By midlife, we begin to understand something we could not grasp earlier: faith is not proven when everything makes sense. It is strengthened when we trust without understanding.
This is the quiet work of mature faith…beyond what we can see even when things seem bleaker than ever. Faith is not proven when we understand everything. It is strengthened when we trust without understanding.
Mature faith does not eliminate mystery.
It learns to live faithfully inside it.
What the Fire Forms in Us
In-between seasons do something in us that certainty never could. As I wrestle with God in the in-between, I begin loosening my grip on control. I lean harder into Him, and I can feel our relationship moving to a deeper place. In these seasons, God isn’t only working on what surrounds me. Most importantly, He is working in me.

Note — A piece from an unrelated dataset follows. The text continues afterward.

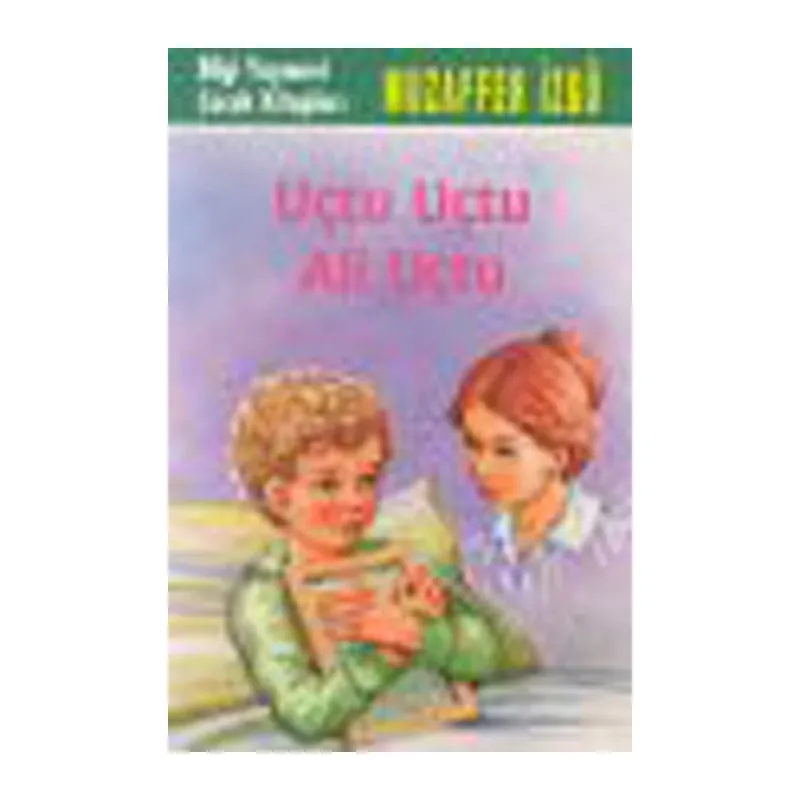 Uçtu Uçtu Ali Uçtu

When I look back, every major season of growth in my life has come from times like this.
Growth is not cheap. Sometimes it feels like it costs you everything. Yet in those painful places, I have learned to expect that something sacred is being formed. God never allows this kind of fire without purpose. When I walk through chapters like this, I remind myself I am about to gain something that cannot be acquired any other way.

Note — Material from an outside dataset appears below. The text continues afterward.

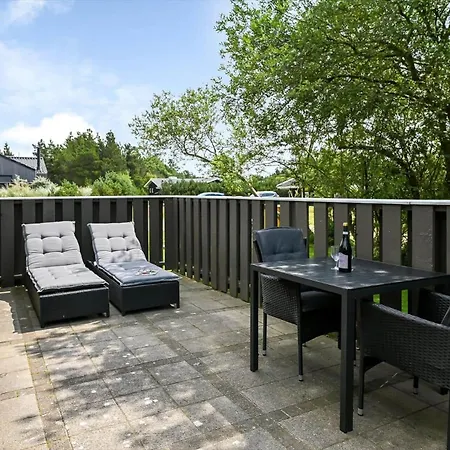 Feriehus Bv424-blavand-hedetoftvej-65 Blåvand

Some things can only be forged in fire.
Larry and I experienced this early in ministry. Our first pastorate ended in deep pain through an abusive church situation. We left devastated and with almost nothing. A kind pastor friend let us store what little remained in an empty Sunday school room. Walking through that season was excruciating. But what followed became one of the greatest gifts of our lives: the opportunity to serve as lead pastors in Maryland for ten years. Many of our closest and most treasured friendships were formed there. At the end of what felt like a season from hell came one sent from heaven.
Looking back now, I see a pattern: every significant turning point in my life was preceded by what felt like a personal tornado.
Trusting Without Closure
One of the hardest spiritual lessons is learning to live without immediate closure.
This is especially hard for me. I’m a person who confronts and moves forward. I’m a take-action person. I don’t sit on things. Yet sometimes God places me in situations where I cannot resolve anything my way. I have to wait and trust Him while the outcome is still unknown, believe in His goodness when the path feels unclear, and rest in His presence before answers arrive.
Recently I walked through something where the waiting felt almost unbearable. I wanted to act quickly just to create certainty, even though I didn’t know whether what I chose would actually be good. For a moment, living with something hard felt easier than living with not knowing.
Then I came to my senses and chose to keep waiting on God.
This kind of trust doesn’t come from striving harder. It comes from surrender. We lean into Him because our own understanding is not strong enough to carry us.
God in the Unfinished Places
If you find yourself in a season that does not yet make sense, you are not alone.
Many faithful people in Scripture lived through long stretches of waiting and unfolding promises. Abraham waited decades for fulfillment. Joseph endured betrayal and imprisonment before purpose became clear. David was anointed king long before he wore the crown. Even Mary carried a promise she could not fully understand. Their stories remind us that God’s timing often unfolds slowly, and His purposes are rarely revealed all at once.
God was present then.
He is present now.
Not only in the answers, but in the waiting.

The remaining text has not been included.